Records drawn from a dataset:

.....

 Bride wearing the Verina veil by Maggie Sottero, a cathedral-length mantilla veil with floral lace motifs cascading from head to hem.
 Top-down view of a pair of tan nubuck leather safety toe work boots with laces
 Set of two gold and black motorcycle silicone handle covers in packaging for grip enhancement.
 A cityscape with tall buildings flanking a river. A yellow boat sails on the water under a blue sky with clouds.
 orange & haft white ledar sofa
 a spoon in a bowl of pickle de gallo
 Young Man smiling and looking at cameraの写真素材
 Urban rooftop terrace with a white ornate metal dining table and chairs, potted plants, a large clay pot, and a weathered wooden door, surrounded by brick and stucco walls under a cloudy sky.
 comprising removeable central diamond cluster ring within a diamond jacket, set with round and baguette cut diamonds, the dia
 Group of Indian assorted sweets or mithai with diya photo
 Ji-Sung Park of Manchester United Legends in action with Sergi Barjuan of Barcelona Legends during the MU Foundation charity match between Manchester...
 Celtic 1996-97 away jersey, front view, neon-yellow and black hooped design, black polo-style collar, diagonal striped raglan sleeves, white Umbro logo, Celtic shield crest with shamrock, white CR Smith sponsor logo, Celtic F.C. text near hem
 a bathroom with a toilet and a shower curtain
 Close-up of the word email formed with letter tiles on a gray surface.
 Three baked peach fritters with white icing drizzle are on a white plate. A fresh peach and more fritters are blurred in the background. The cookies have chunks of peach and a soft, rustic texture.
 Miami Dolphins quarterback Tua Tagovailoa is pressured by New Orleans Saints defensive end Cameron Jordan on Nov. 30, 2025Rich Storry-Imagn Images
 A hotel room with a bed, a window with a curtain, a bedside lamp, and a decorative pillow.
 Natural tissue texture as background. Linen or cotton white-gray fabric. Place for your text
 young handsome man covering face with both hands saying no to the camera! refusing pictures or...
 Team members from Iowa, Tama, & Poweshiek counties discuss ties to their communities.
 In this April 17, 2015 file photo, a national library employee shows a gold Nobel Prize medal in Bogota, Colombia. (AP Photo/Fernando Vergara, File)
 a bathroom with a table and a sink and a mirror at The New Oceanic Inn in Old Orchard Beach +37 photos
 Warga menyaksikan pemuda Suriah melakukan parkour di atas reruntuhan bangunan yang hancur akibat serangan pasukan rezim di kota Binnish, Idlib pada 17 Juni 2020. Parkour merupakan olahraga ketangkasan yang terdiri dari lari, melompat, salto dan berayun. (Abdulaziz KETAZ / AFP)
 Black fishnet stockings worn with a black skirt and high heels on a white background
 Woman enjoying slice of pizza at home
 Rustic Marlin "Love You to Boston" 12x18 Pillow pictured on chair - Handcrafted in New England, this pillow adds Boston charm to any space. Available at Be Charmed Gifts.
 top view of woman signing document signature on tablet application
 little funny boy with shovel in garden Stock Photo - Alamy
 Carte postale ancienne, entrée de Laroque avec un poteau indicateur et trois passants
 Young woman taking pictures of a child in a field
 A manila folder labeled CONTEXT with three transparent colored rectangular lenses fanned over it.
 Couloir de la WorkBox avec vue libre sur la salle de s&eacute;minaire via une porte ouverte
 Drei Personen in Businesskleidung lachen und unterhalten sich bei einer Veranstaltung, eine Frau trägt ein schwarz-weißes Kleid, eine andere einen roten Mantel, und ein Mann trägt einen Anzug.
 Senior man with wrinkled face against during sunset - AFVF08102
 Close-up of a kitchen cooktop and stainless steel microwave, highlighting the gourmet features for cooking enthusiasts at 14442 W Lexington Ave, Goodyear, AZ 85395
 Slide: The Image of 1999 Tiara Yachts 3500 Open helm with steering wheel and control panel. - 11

.....

From the records given above, copy all lines containing "Close".

**Solution for this task:**
 Close-up of the word email formed with letter tiles on a gray surface.
 Close-up of a kitchen cooktop and stainless steel microwave, highlighting the gourmet features for cooking enthusiasts at 14442 W Lexington Ave, Goodyear, AZ 85395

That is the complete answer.